### Exercise directions:
Where the line containing "Used Volkswagen Teramont" appears, start repeating, and continue exactly through the last line below, adding nothing. Include no pictures.

### Provided material:

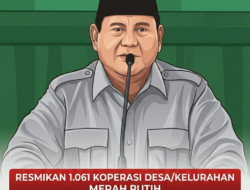 Prabowo Resmikan 1.061 Koperasi Desa Merah Putih, Tegaskan Kebangkitan Ekonomi Rakyat Dimulai dari Desa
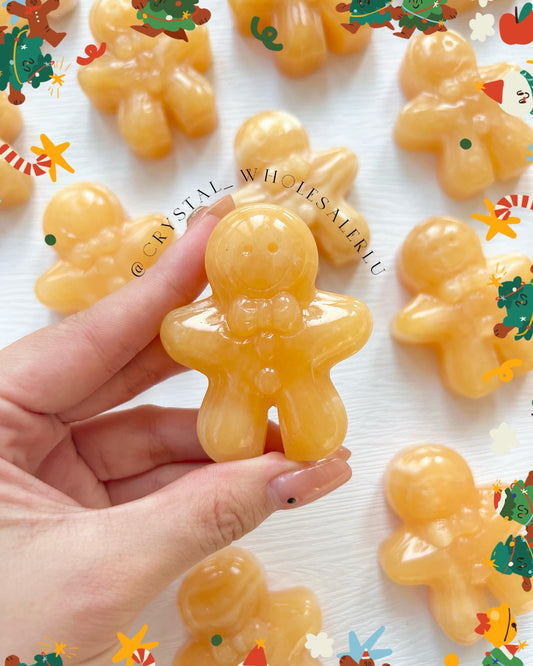 The gingerbread man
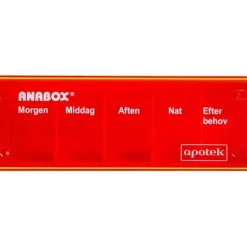ANABOX DAGS DOSERINGSÆSKE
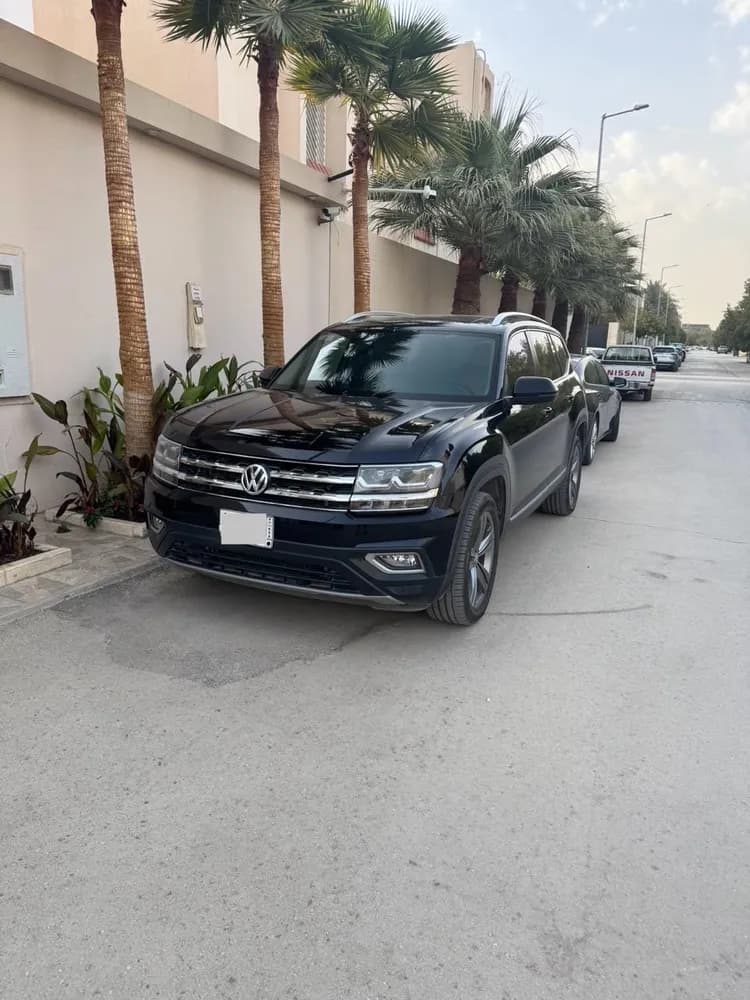 Used Volkswagen Teramont 3.6L SEL w/o Sunroof (AWD) 2019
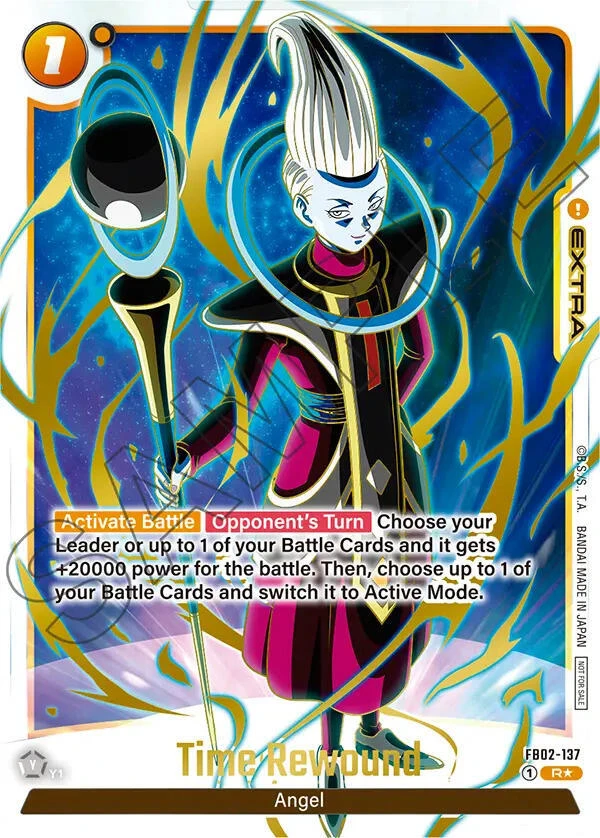Time Rewound [Championship Pack 01 Gold] #FB02-137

### Output of the exercise:
 Used Volkswagen Teramont 3.6L SEL w/o Sunroof (AWD) 2019
Time Rewound [Championship Pack 01 Gold] #FB02-137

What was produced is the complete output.